During the pendency of your application for the issuance of a new license,
royalty fees and Marketing Fund contributions will be paid at the rate specified
in this Agreement. Upon issuance of the new license agreement, fees must be
paid at the rates specified in the new license agreement, which may be greater
than the rates specified in this Agreement.
18. ENFORCEMENT
A. Severability and Substitution of Valid Provisions
Except as expressly provided to the contrary, each section, paragraph, term
and provision of this Agreement, and any portion thereof, shall be considered
severable and if, for any reason, any such provision of this Agreement is held
to be invalid, contrary to, or in conflict with any applicable present or future
law or regulation in a final, unappealable ruling issued by any court, agency or
tribunal with competent jurisdiction in a proceeding to which we are a party,
that ruling shall not impair the operation of, or have any other effect upon,
such other portions of this Agreement as may remain otherwise enforceable, all
of which shall continue to be given full force and effect and bind the parties
to this Agreement, although any portion held to be invalid shall be deemed not
to be a part of this Agreement from the date the time for appeal expires, if you
are a party thereto, or otherwise upon your receipt of a notice of
non-enforcement thereof from us.

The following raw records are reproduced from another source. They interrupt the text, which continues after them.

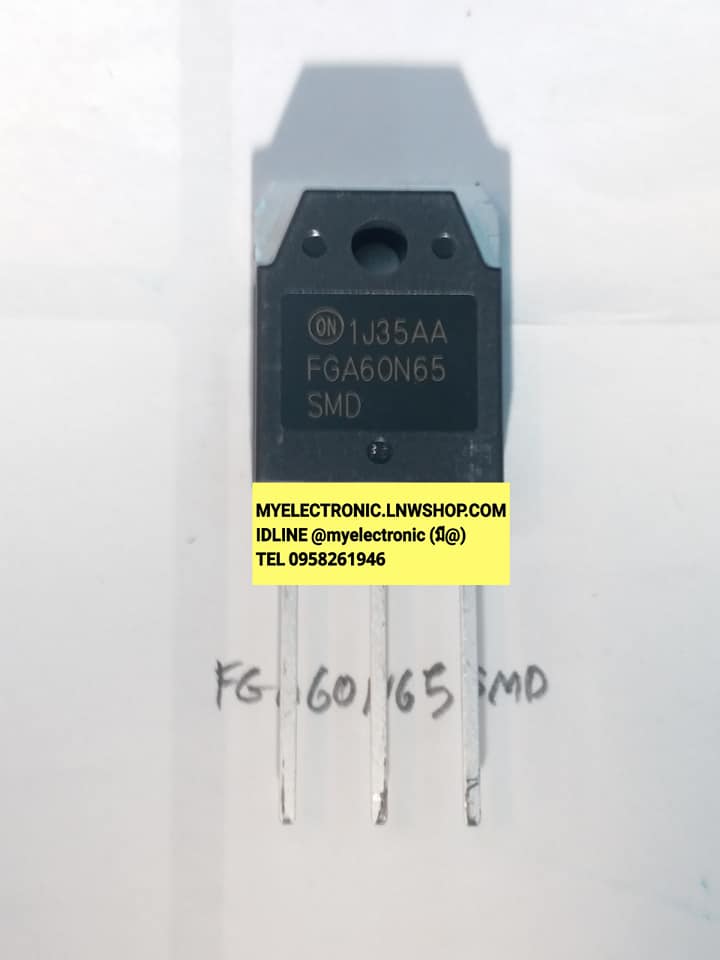 FGA60N65SMDตัวถังTO-247ยี่ห้อON-SEMIสินค้ารายการนี้เป็นสินค้าปรีออร์เดอร์สนใจสินค้ารายการนี้ตืดต่อIDLINE @myelectronic (มี@ด้วยนะ)ราคาตัวละบาท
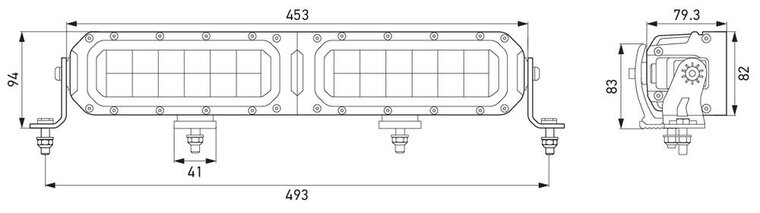 HELLA Black Magic Tough Pro Twin 18" LED Lightbar | 1,800 Lumens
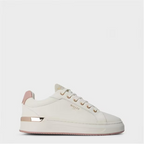 Mallet GRFTR Low Trainers Women’s White Pink Leather Sneakers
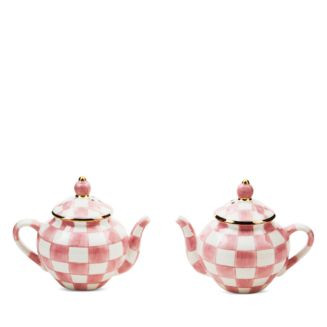 Mackenzie-Childs Rosy Check® Teapot Salt & Pepper Set    | Bloomingdale's | Bloomingdale's (US)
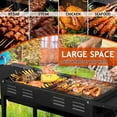 thumbnail image 7 of Ktaxon Portable Steel Charcoal Grill BBQ Grill Foldable Grill w/ Storage Bag Black, 7 of 7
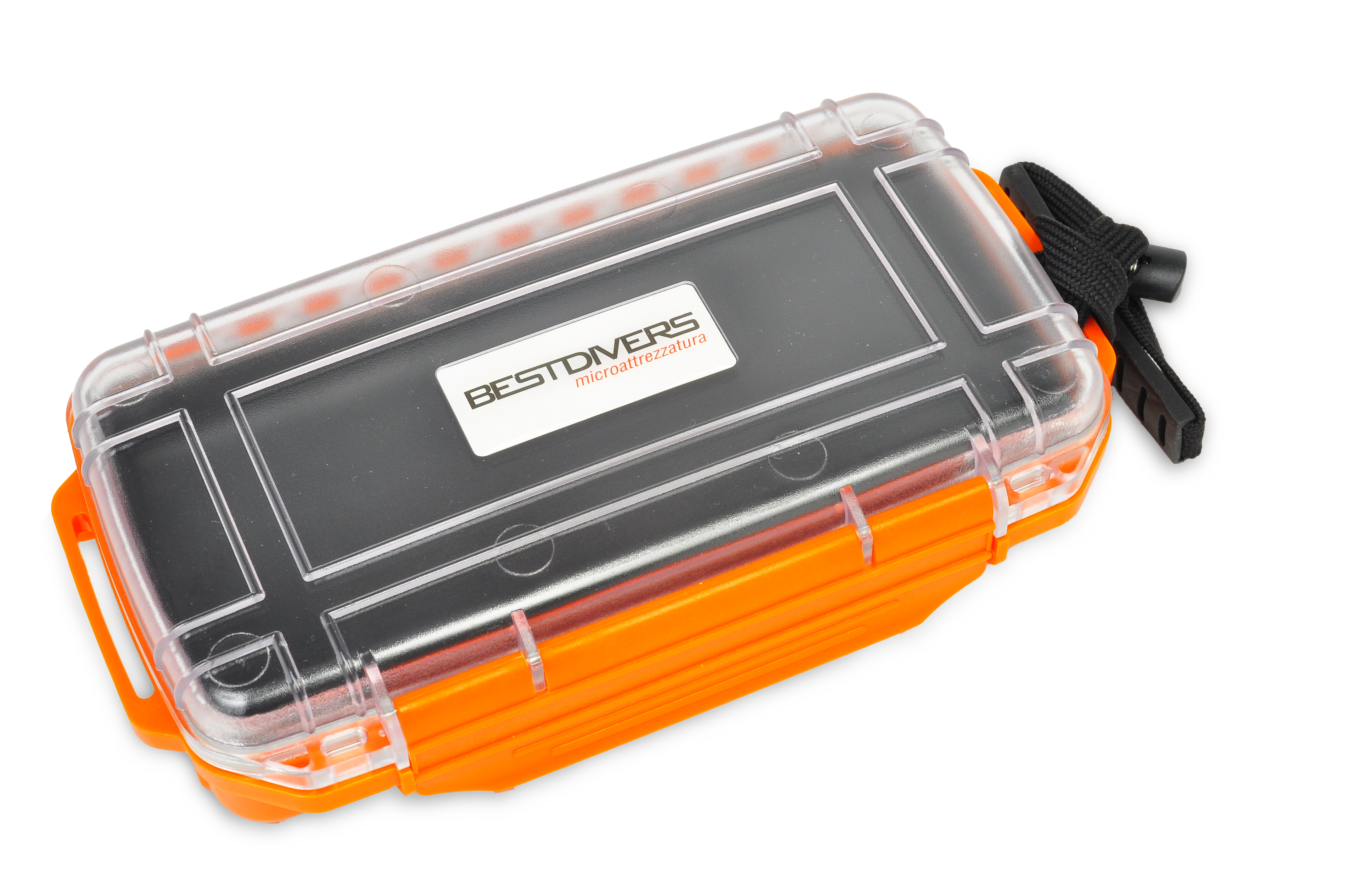 Waterproof Crystal Box - 210x107x48mm - Orange (CB211106) Waterproof Crystal Box - 210x107x48mm - Orange (CB211106)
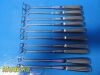 V. MUELLER 10X V.Muller Vogel/Barnhill Adenoid  Curette Set (Size 00,0,1,2,3; 2each)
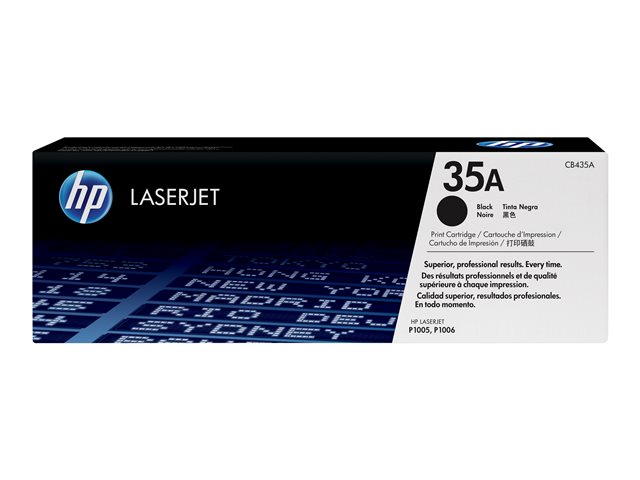 Cartucho de Tóner Negro HP LaserJet 35A CB435A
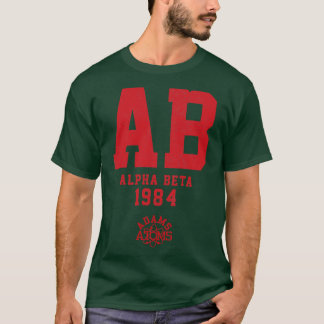 アルファ ベータ AB 1984 ヴィンテージ フラット リベンジ オブ ザ ナード Tシャツ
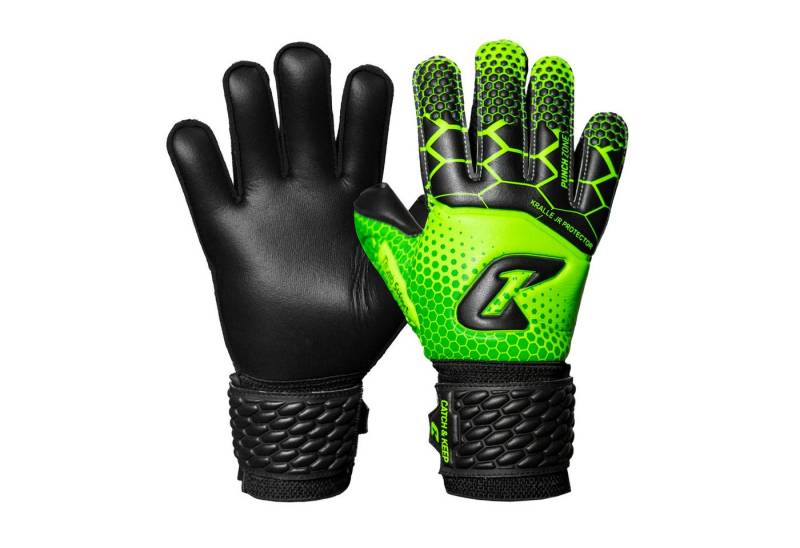 Catch & Keep Torwarthandschuhe Kralle Protector Torwarthandschuhe Kinder mit Fingerschutz von Catch & Keep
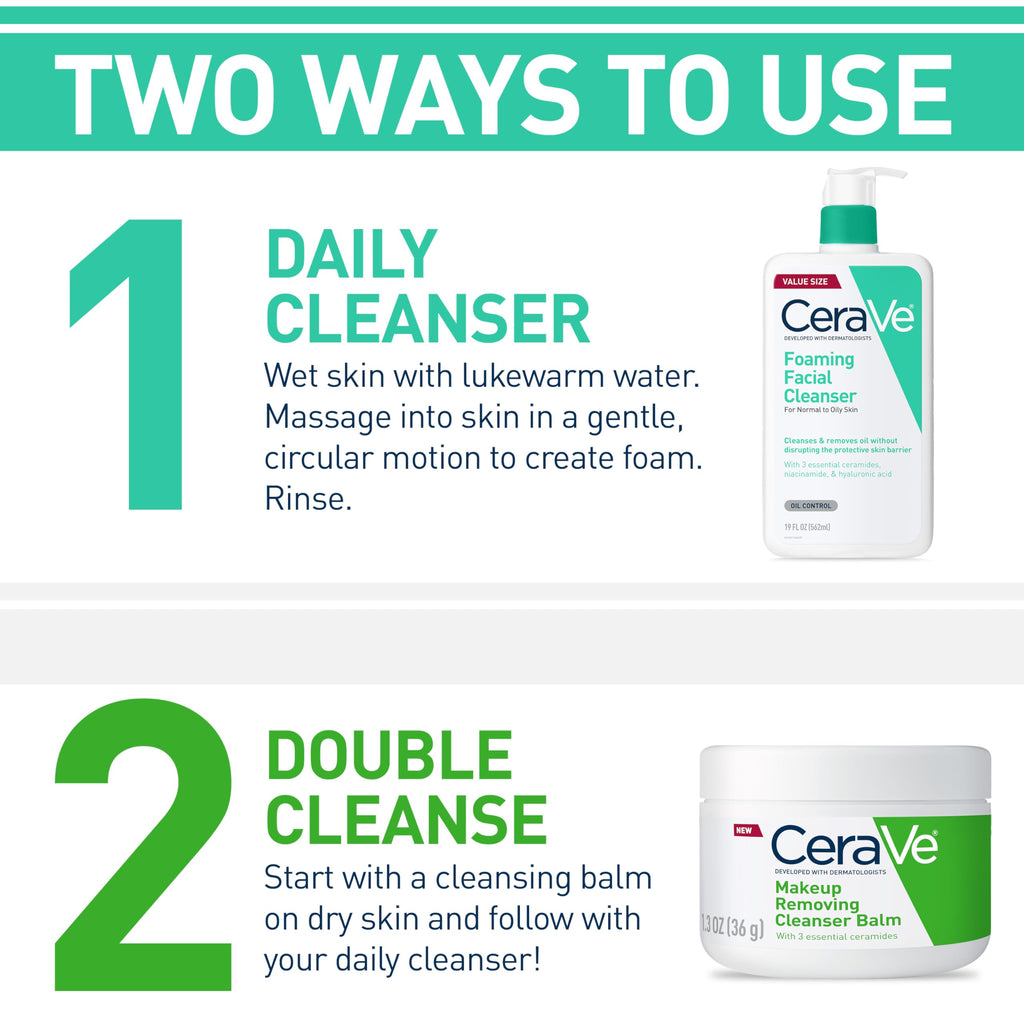 CeraVe Foaming Facial Cleanser, Daily Face Wash for Oily Skin, Hyaluronic Acid + Ceramides + Niacinamide, Fragrance Free & Paraben Free, Non-Drying Oil Control Face Wash in Pakistan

To the extent that any provision of Section
12D(8) or Section 16A is deemed unenforceable by virtue of its scope in terms of
area, business activity prohibited and/or length of time, but could be made
enforceable by reducing any or all thereof, you and we agree that such
provisions shall be enforced to the fullest extent permissible under the laws
and public policies applied in the jurisdiction in which enforcement is sought.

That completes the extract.